Dataset entries:
++++

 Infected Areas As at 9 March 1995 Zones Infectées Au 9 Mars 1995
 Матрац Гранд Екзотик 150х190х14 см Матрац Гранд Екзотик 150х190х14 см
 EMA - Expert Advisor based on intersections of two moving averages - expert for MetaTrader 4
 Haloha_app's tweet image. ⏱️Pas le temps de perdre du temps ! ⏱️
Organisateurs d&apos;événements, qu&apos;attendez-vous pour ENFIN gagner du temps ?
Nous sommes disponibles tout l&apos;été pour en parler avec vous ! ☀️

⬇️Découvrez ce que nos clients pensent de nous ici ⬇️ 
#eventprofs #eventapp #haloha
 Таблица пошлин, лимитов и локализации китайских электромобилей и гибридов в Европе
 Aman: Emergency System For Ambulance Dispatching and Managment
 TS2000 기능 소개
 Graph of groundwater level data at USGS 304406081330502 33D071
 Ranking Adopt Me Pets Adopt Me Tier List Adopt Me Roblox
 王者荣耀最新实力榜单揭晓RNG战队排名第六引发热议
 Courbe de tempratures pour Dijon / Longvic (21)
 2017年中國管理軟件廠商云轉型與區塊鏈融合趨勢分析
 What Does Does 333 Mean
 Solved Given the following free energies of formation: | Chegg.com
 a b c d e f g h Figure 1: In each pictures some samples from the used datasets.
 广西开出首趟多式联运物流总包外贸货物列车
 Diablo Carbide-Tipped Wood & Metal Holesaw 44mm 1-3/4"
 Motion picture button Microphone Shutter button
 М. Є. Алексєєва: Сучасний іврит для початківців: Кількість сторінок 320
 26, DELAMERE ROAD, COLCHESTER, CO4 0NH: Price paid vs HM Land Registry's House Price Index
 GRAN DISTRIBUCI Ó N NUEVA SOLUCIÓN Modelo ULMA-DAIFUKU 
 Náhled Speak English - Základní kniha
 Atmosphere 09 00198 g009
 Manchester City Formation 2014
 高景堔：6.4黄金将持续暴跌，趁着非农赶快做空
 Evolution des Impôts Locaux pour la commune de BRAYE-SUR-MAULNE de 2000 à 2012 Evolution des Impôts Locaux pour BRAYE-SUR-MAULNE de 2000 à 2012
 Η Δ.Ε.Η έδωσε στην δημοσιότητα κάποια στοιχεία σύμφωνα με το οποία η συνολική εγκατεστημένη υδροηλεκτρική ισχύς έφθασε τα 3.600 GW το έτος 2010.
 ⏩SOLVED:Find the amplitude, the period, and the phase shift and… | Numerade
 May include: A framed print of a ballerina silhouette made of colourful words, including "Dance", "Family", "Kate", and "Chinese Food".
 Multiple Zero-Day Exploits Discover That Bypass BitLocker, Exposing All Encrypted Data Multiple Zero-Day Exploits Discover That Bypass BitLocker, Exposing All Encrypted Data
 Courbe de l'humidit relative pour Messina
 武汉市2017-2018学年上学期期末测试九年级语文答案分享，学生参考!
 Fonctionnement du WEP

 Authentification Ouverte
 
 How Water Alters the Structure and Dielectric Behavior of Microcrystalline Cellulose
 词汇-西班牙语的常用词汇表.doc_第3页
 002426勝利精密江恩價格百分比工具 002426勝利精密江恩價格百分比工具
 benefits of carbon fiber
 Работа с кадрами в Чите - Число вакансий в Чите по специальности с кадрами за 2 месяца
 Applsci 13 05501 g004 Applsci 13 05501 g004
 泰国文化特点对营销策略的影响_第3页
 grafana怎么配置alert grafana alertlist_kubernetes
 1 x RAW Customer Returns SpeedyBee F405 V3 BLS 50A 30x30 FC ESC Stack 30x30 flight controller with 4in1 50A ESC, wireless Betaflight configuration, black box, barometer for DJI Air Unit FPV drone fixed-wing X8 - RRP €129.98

++++

What to do: Write the lines again exactly, from the first line of the material above to the line that includes "Haloha_app's tweet image.", both included. Leave out all the rest.

Exercise solution:
 Infected Areas As at 9 March 1995 Zones Infectées Au 9 Mars 1995
 Матрац Гранд Екзотик 150х190х14 см Матрац Гранд Екзотик 150х190х14 см
 EMA - Expert Advisor based on intersections of two moving averages - expert for MetaTrader 4
 Haloha_app's tweet image. ⏱️Pas le temps de perdre du temps ! ⏱️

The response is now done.